= Beginning of Section =
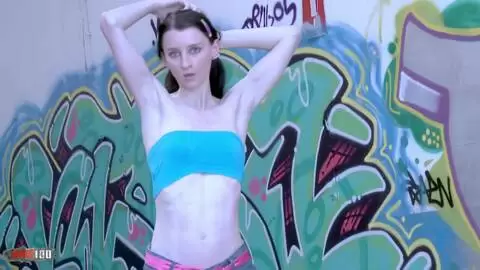 Die junge Französin Pauline Cooper macht einen Striptease vor einer Tag-Wand photo 01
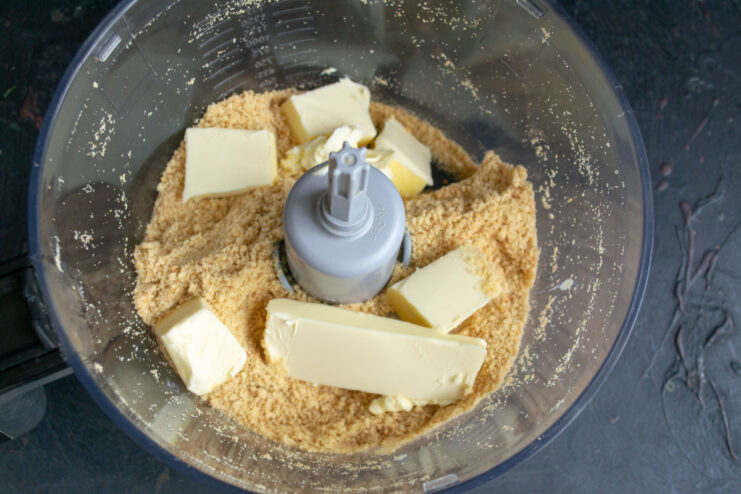 Step 2: Combining cookie crumbs with softened butter. Mixing cookie crumbs and butter in a blender using the pulse function.
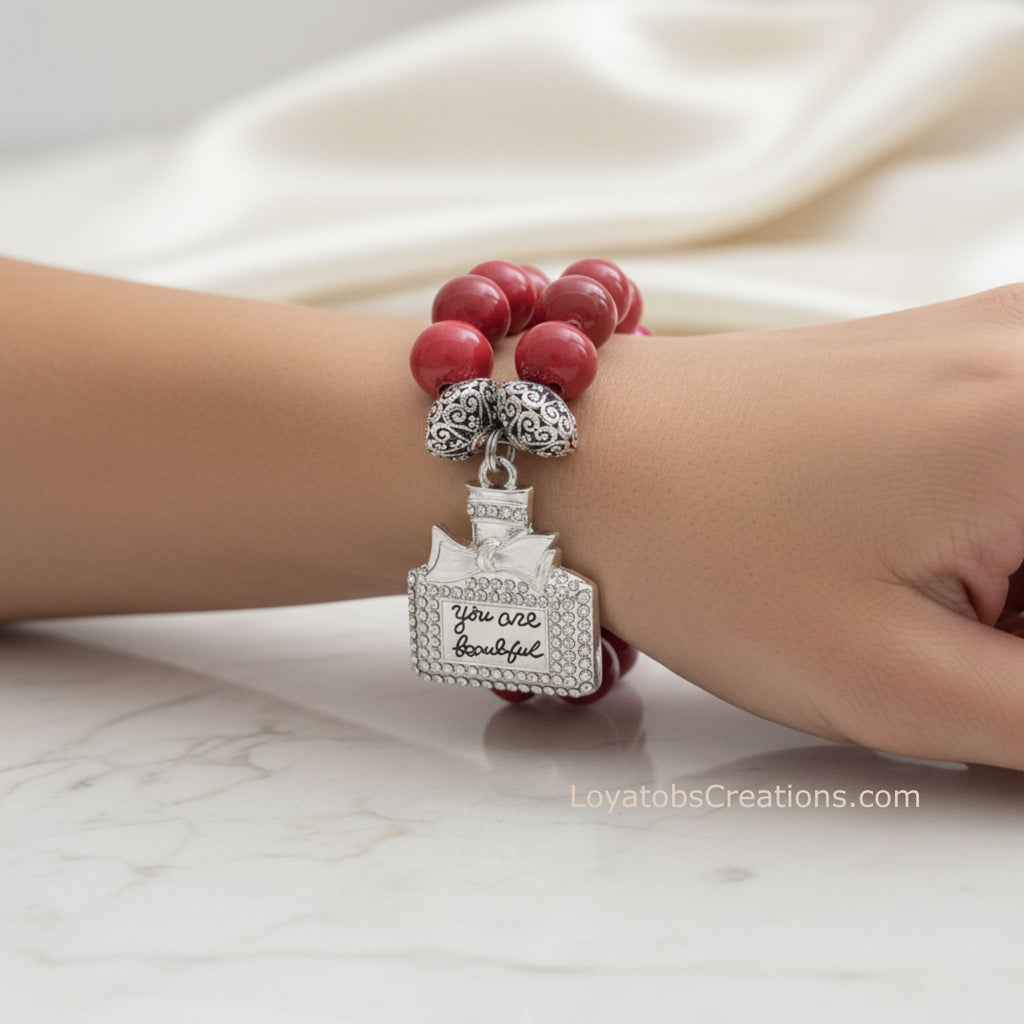 Coral ceramic bead bracelet with silver rhinestone You Are Beautiful perfume bottle charm worn on wrist on marble background - LoyatobsCreations.com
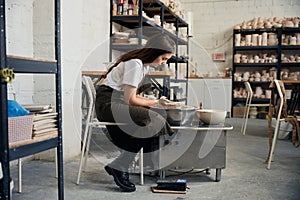 Woman making pot using pottery wheel in creative studio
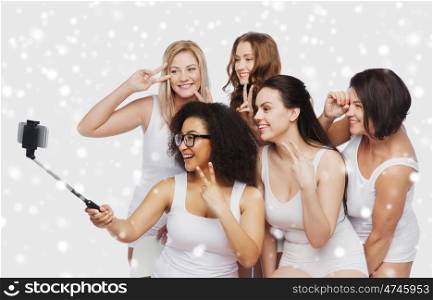 technology, friendship, body positive and people concept - group of happy women in white underwear taking picture with smartphoone on selfie stick over snow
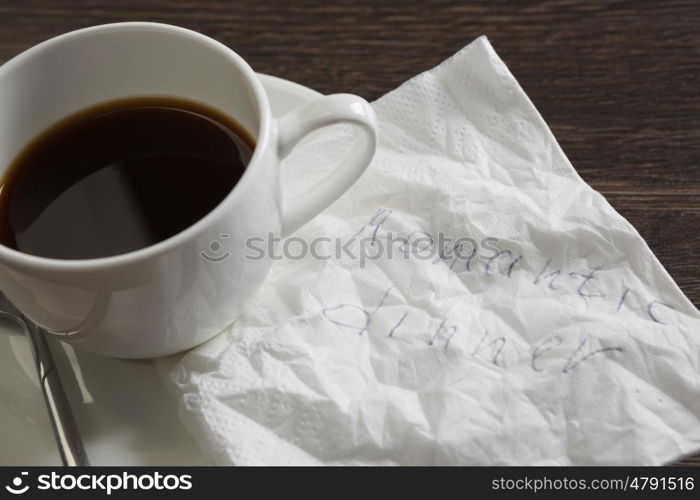 Love confession on napkin. Romantic message written on napkin and cup of coffee on wooden table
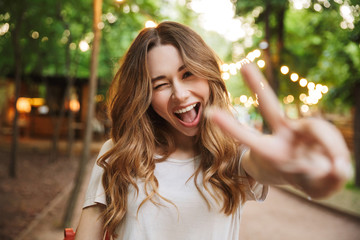 Close up of cheerful young girl showing peace gesture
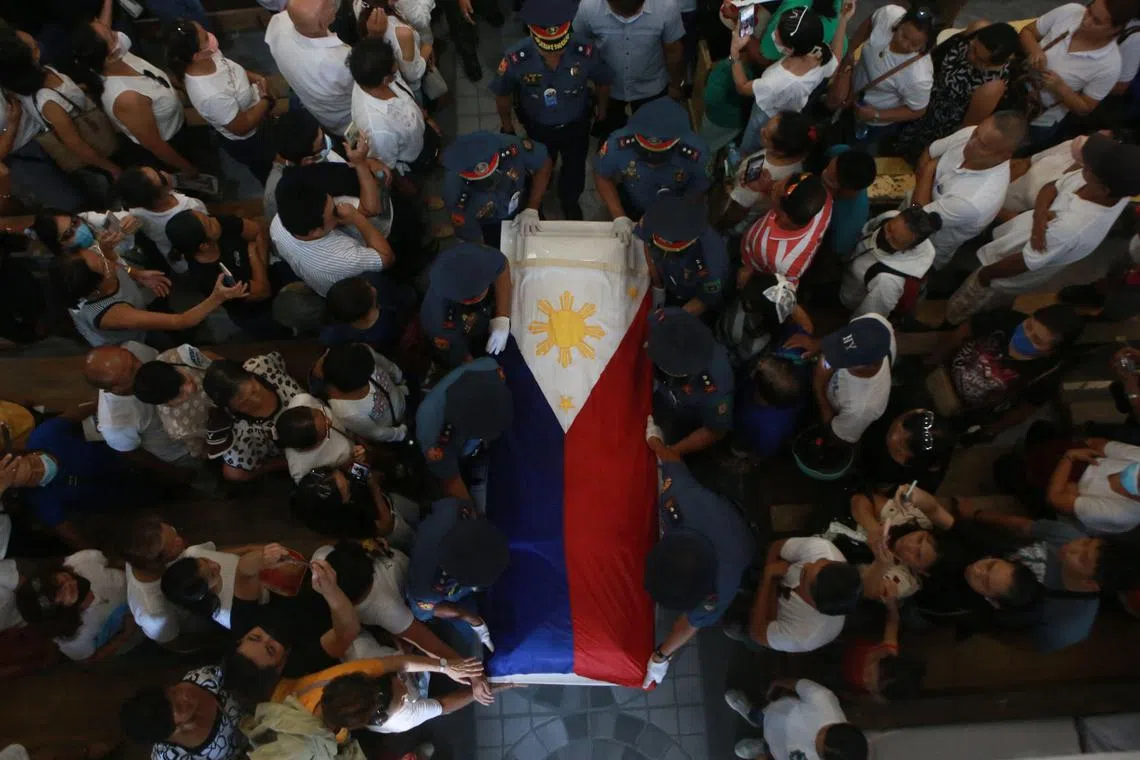Policemen carry the coffin of the Mr Roel Degamo, a Philippine governor killed in one of the Philippines' deadliest political attacks in years.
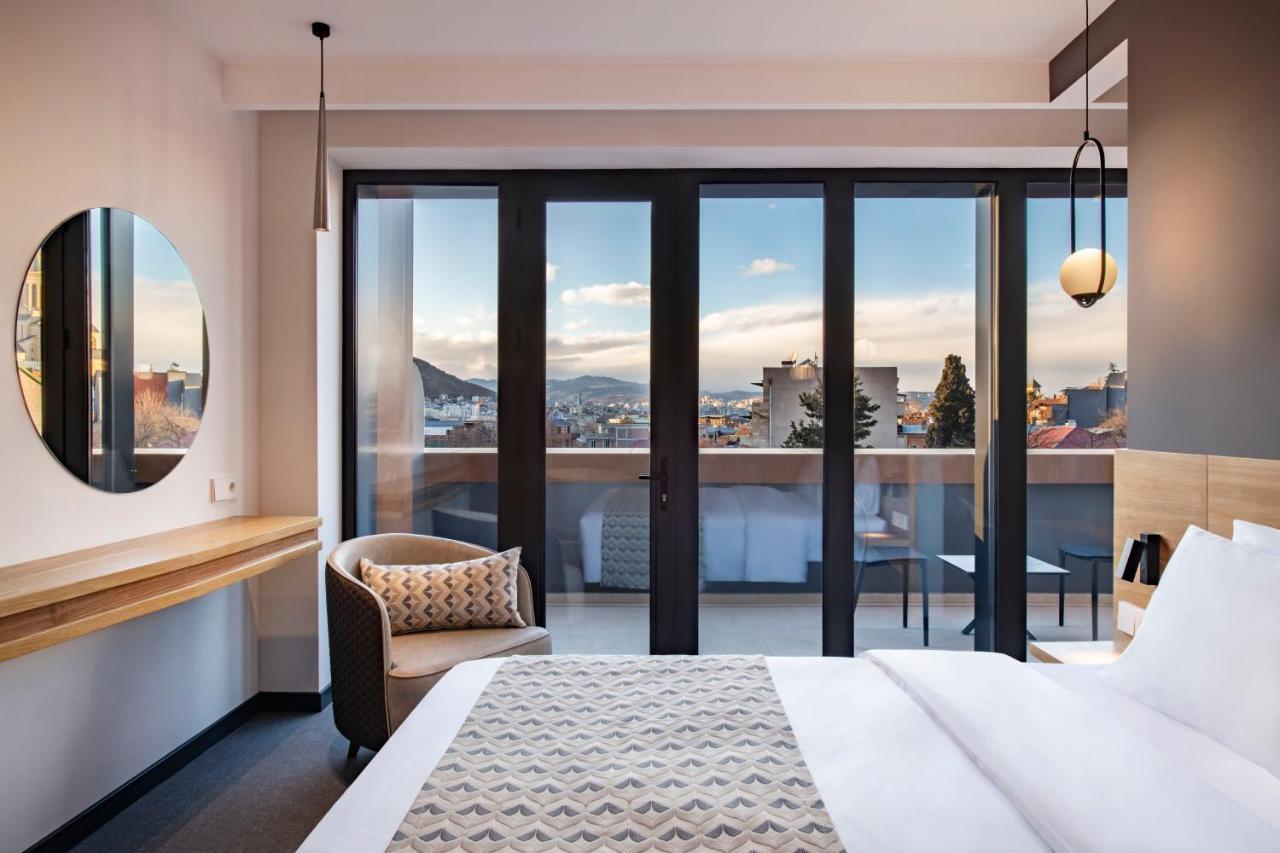 Clocks Hotel Tbilisi Esterno foto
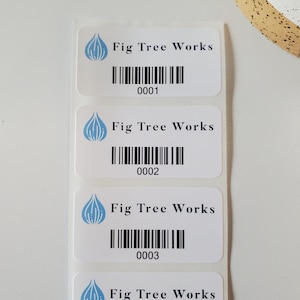 May include: Three white rectangular labels with a blue fig logo and the text "Fig Tree Works". Each label has a black barcode and a number: 0001, 0002, and 0003.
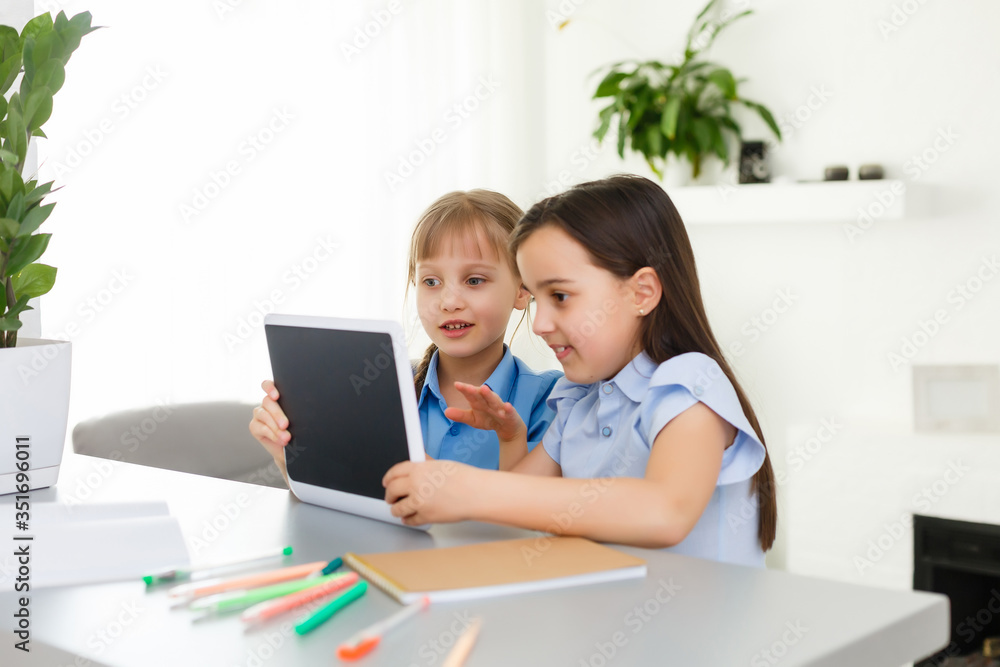 Learning from home, Home school kid concept. Little children study online learning from home with laptop. Quarantine and Social distancing concept. Learning from home, Home school kid concept. Little children study online learning from home with laptop. Quarantine and Social distancing concept.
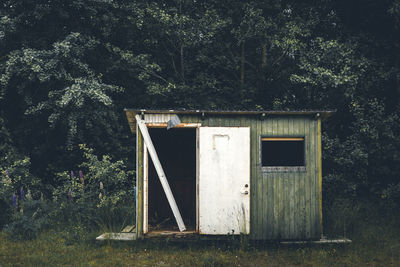 Abandoned old hut or cabin. dark forest in the background.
= End of Section =
**Task description:** What you return from the records above should be exactly everything from the line with "Coral ceramic bead" down to the line with "May include: Three", both kept, and no pictures.

**Solution to the problem:**
 Coral ceramic bead bracelet with silver rhinestone You Are Beautiful perfume bottle charm worn on wrist on marble background - LoyatobsCreations.com
 Woman making pot using pottery wheel in creative studio
 technology, friendship, body positive and people concept - group of happy women in white underwear taking picture with smartphoone on selfie stick over snow
 Love confession on napkin. Romantic message written on napkin and cup of coffee on wooden table
 Close up of cheerful young girl showing peace gesture
Policemen carry the coffin of the Mr Roel Degamo, a Philippine governor killed in one of the Philippines' deadliest political attacks in years.
 Clocks Hotel Tbilisi Esterno foto
 May include: Three white rectangular labels with a blue fig logo and the text "Fig Tree Works". Each label has a black barcode and a number: 0001, 0002, and 0003.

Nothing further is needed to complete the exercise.